S.Rajendra Babu, D.P.Mohapatra

L.I.T.J D.P.Mohapatra. J.

The Hindustan Machines Tools Ltd. (hereinafter referred to as 'HMT Ltd.') represented by its Chairman-cum-Managing Director at Bangalore and the Ceneral Manager and the Joint General Manager (Personnel Incharge) at Bali Nagar, Hyderabad have filed these appeals by special leave challenging the judgment dated 9th Nov. 1995 of the Single Judge of the A.P. High Court in Writ Petition No.

3425 of 1995 which was confirmed in appeal by a Division Bench of that Court by its Order dated 28th Dec. 1995 in Writ Appeal No. 1710 of 1995.

HMT Ltd. is a Public Sector Undertaking of the Govt.

of India which as described by the appellants, has grown into a multi-unit, multi-product, multi-technology Company having four business groups and 20 manufacturing units spread over ten different States in the country. The Company engages casual workers on daily rate basis depending upon the need and exigencies of work. Forty two such casual workers engaged in the unit of the Company at Hyderabad filed the Writ Petition with a prayer to issue a Writ or Order or Direction in the nature of a Writ of Mandamus directing the respondents to regularise their services in their respective posts from the date of the initial appointment with all consequential benefits forthwith.

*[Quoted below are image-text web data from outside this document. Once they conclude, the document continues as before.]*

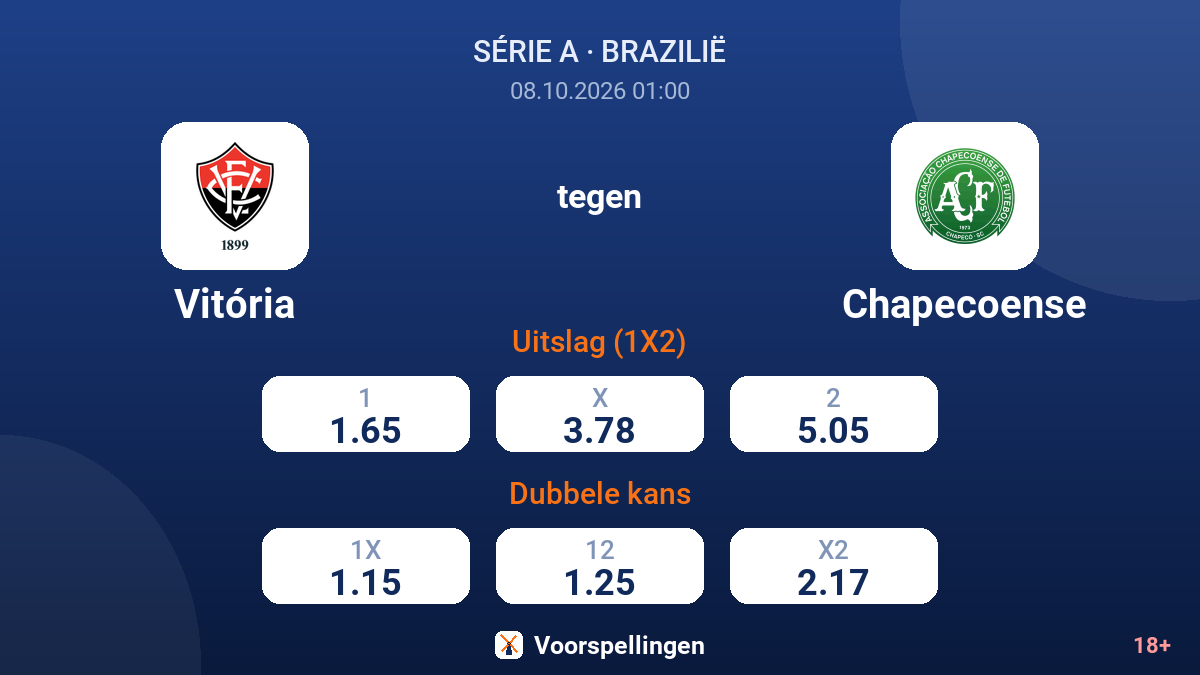 Vitória - Chapecoense — quoteringen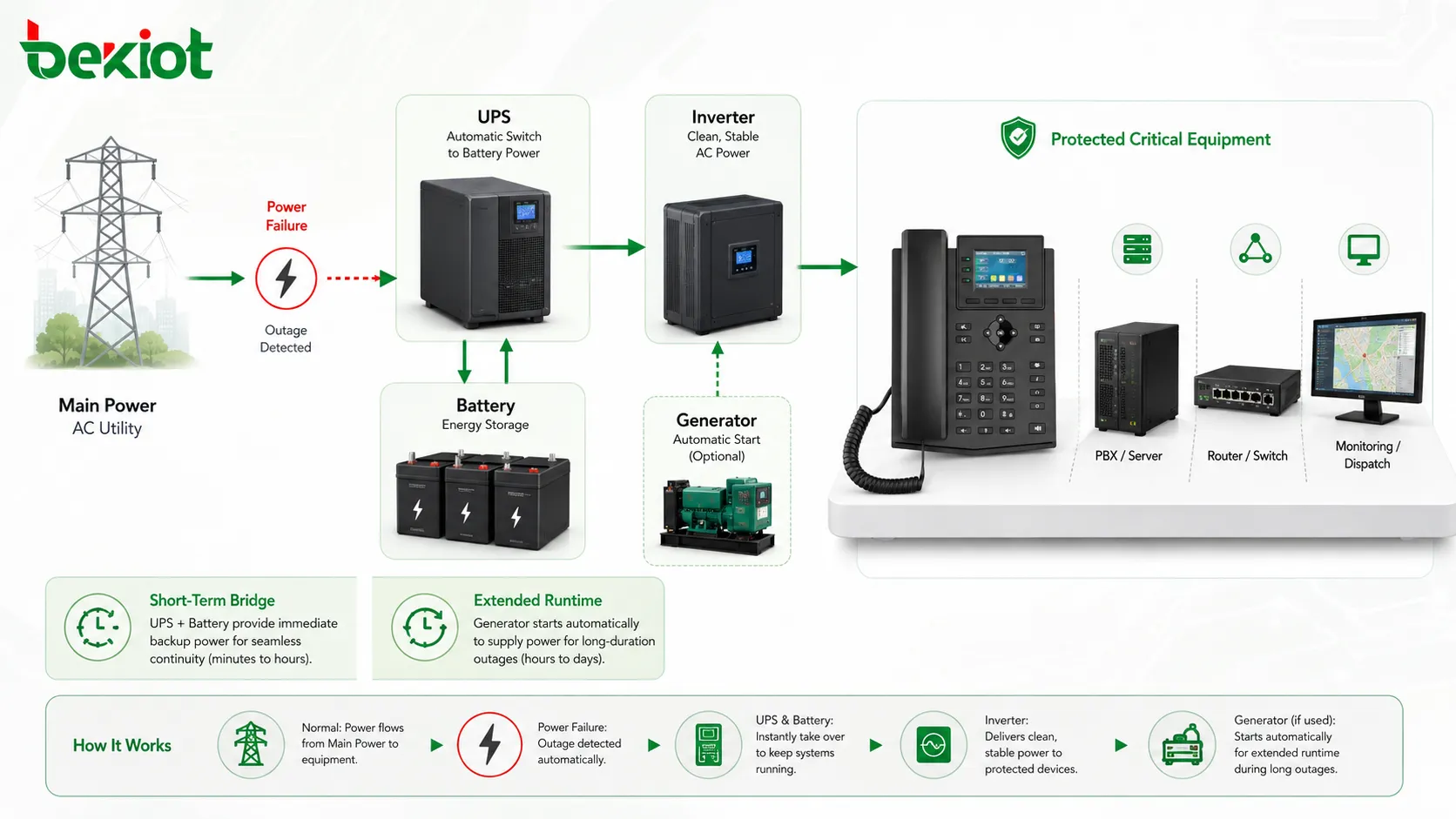 What Is Local Backup Power? Features and Applications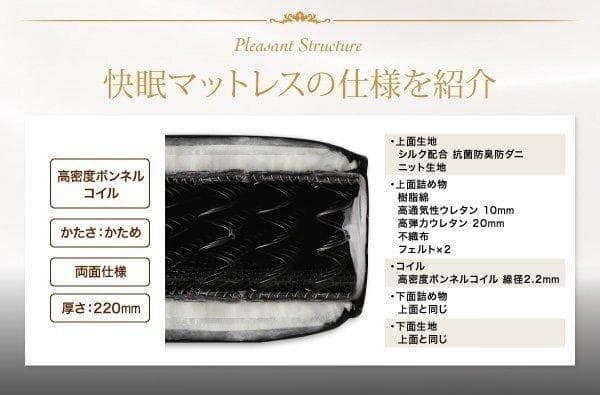 新品　圧縮ロール プレミアム　ボンネルコイルマットレス　セミシングル　ブラック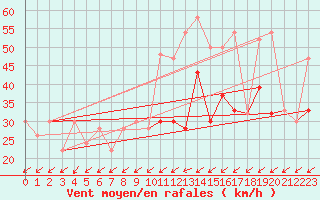 Courbe de la force du vent pour Capel Curig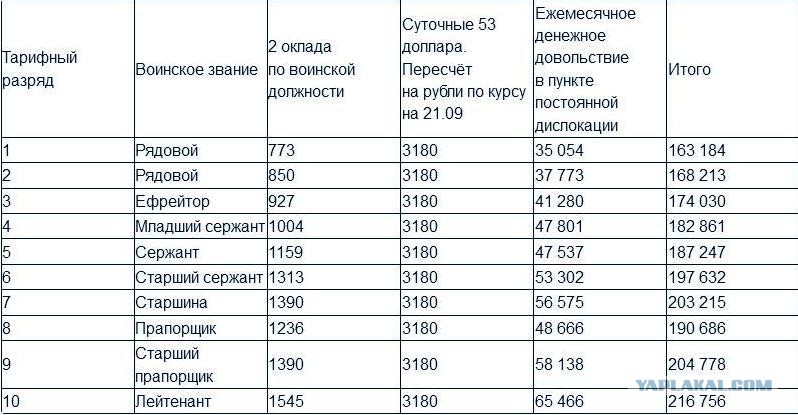 Зарплата мобилизованных в россии. Таблица выплат мобилизованным. Выплаты мобилизованным в России таблица. Таблица окладов мобилизованных. Зарплата мобилизованных.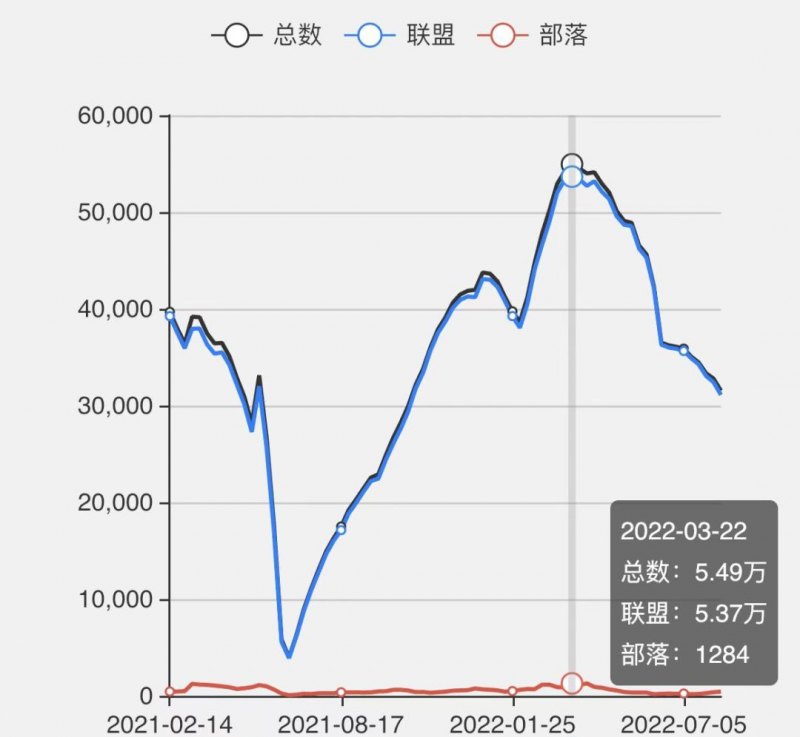 怀旧服服务器人口普查情况是什么（ 服务器排行top10）--第2张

The appellants were arrayed as respondents in the Writ Petition.

The writ petitioners alleged inter alia that they have been working as helpers and skilled workers in different departments of the Company for long periods of 3 to 10 years continuously. Their engagement has been treated as casual labour on daily wage basis. Some of them have undergone training course (I.T.I.) as apprentice under the Company.

On successful completion of the said training the incumbents were given temporary appointments, which continued till the date of filing of the writ petition. The writ petitioners further alleged that though they had been discharging duties similar to those of regular employees of the Company, they were denied the benefit of regularisation of service and other service benefits on that basis. Under such compelling circumstances the casual workers filed the writ petition seeking the reliefs noted above. During pendency of the writ petition, considering the application filed by the writ petitioners seeking interim relief, the High Court passed the order for maintenance of status quo as on the date of the order to ensure continuance of the writ petitioners in service.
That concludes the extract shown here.